# 08 Sentra - Rough Idle, Slow Accel, Oil Consumption



## paultyoumans (May 22, 2018)

Hi. Thanks for reading. 

My wife's 2008 Sentra - Base Model
105,000 Miles
No check engine lights.

Similar to other threads, in hotter months, engine shutters at idle, rpm drops, and is slow to accelerate. This typically happens at stop lights. 

Owned a little over a year. Oil consumption since we bought it (did not know until owned). One quart every other gas tank, no smoke, no leak. 

Dealer replaced transmission (under warranty) when I brought it in for engine noise. Turned out to be the low oil.

When I purchased it:
I replaced intake hose prior to the throttle body. It was clean. 
Replaced the serpentine belt.

This week:
I replaced battery (corrosive leads).
Just replaced PCV valve. 

I doubt spark plugs or fuel injectors have been replaced since new. 

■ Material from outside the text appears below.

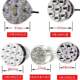 ແສງລົດໄຟຟ້າ led modified super bright 12v60v ໃນຕົວ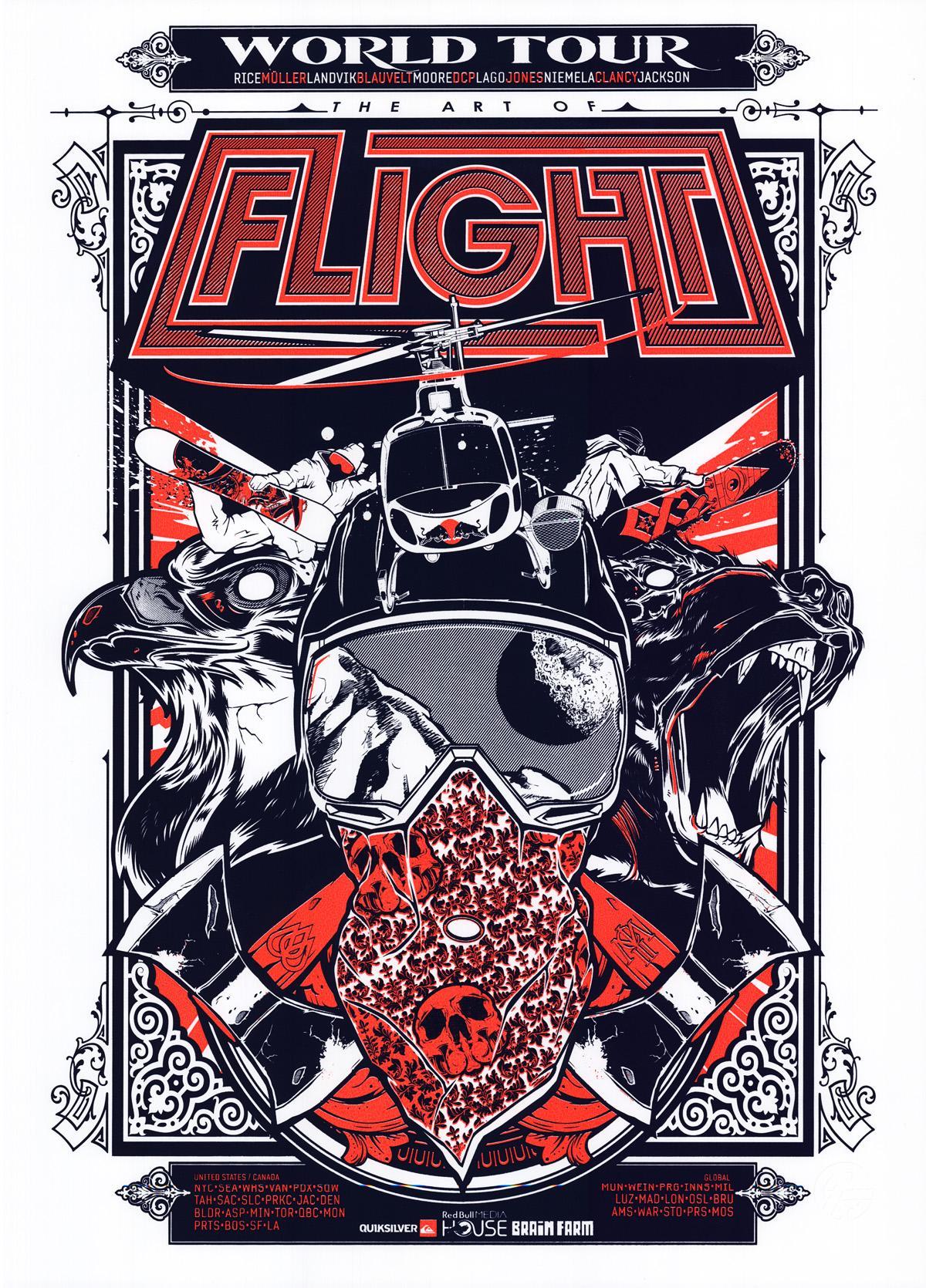 Постер фильма Искусство полета 3D | Art of Flight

Please take a look at these photos. 
The first is a fuel injector in question. I am a novice with this and cannot tell if this is spilled oil or leaked gas that is now dirty after having been driven for thousands of miles.
The area to the left of the injector.
This is the far right injector, appears to be clean with no issues. 


























Tried posting the pictures twice. All they show is the image. Will try tomorrow.

Any insights are helpful. Thanks again. 
Paul


----------